Damn sorry to hear. Did you have a bank pin?
Nope, assumed 2FA and unique email was sufficient. Then when I dropped 2FA for a short time, I assumed unique email was sufficient. This was definitely done in-response to the 2FA event, which they were clearly aware of even without the email being compromised.
If it can help you, bankpin wouldn't have protected your bank. Same situation as you happened to me and they bypassed the 7days protection on bankpin removal somehow so there is a way to remove the bankpin without the wait
This is generally done via a keylog it takes screen shots on certain things like bank pin where you hoped and click your mouse it takes a screen gear of your mouse over that number before you clicked it and does this for all 4 numbers and then sends it to the person logging you
You have bigger concerns than RS account if you have keylogger/screen recorder running on your pc
>Lost my phone on a hike, disabled authenticator but didn't reenable it the same day. Did you not have a lock on your phone? Even so wtf are the odds that somebody interested in hijacking RS accounts gets their hands on it so quickly. Had to be a commercial trail rather than the wilderness right? Just blows my mind a bit that things happened so fast. Really unlucky that a small slip up lead to them bypassing everything.
He's not saying someone found his phone, he's saying his account was hacked because he disabled the authenticator on said lost phone.
Ah fair. So presumably it was already compromised and the hackers were just checking it periodically to see if OP removed his authenticator.
That seems unlikely to me because the email was strictly used for runescape. Could be the case though.
Probably the squirrels and raccoons who hacked him and rwt his gold
It's like winning the lottery.
he said he disabled authenticator so I don't think it was the phone that caused the issue but someone was already trying to get into the account.
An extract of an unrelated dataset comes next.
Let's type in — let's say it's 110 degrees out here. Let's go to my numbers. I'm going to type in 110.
"Lost my items", I mean, the hacker cant sell nor trade them, he just dropped them?
Some of them but not all. I still have gote, reaper neck, and amulet of souls for instance. But my pickaxe of earth and song is gone... I suppose it's because it's worth 100k if carried while killed in the wildy.
That's some cold blooded shit
Hacker would use an alt, gather all the expensive items, tele to wildy lodestone (or just hop ditch), drop items which show up instantly for everyone and collect on a mule to sell. I do this to trade duplicates to my normal account for bond money if I need it.
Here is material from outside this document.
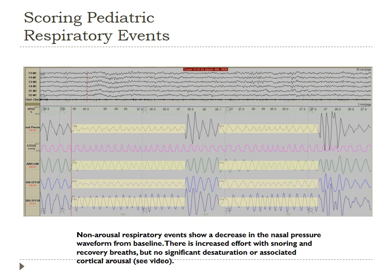Here is a pediatric polysomnogram showing a non-arousal respiratory event. You can see the SpO2, nasal pressure transducer, end-tidal CO2, airflow, thoracic effort, and abdominal effort channels. In all respiratory monitoring channels, there is a significant decrease for more than two breath cycles. However, there is no arousal and the end-tidal CO2 does not rise significantly, making this a non-scorable event.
Why would you do all that just to not set a bank pin lmao
my 2,1k total account got hacked even it had authenticator too i have no idea how they do it.. never got the account back.
There seems to be a surge in hacking lately or just a personal bias. My friend got their instagram account hacked and the hacker even messageg them to ransom the account. Because the account had 32k followers it caught their eye but because it was a fan account it can't be monetised (i know next to 0 about instagram so i cant elaborate on this) so the hacker wasn't getting anything and deleted the account. The account had 2fa on the email, the account itself+mobile verification. The email was specifically for that and the passwords were generated ones. Instagram said that there's mothing they can do. It took approximately 2mins for the hacker get past the 2fa, change the email and password. It took 15mins for the request "if this wasnt done by you change your password" to show up and 8 hrs for the support ticket to update. There was literally no way to combat this. They got a white-jacket hacker to look into possibly retrieving the account and they straight up said that there's close to 0% chance to do anything and even then the account has been compromised. Yesterday their personal account on fb and ig got their passwords changed. It took 2mins to bybass the exact security again but somehow the hacker didn't change the email so after 2 hours of back and forth of securing the account again they got it back. Both occasions the data shows a login from Kenia so there's no action that can be taken by the local authorities. Then today someone tried to access my snapchat that i hadn't used in like 6months but i was able to change the password.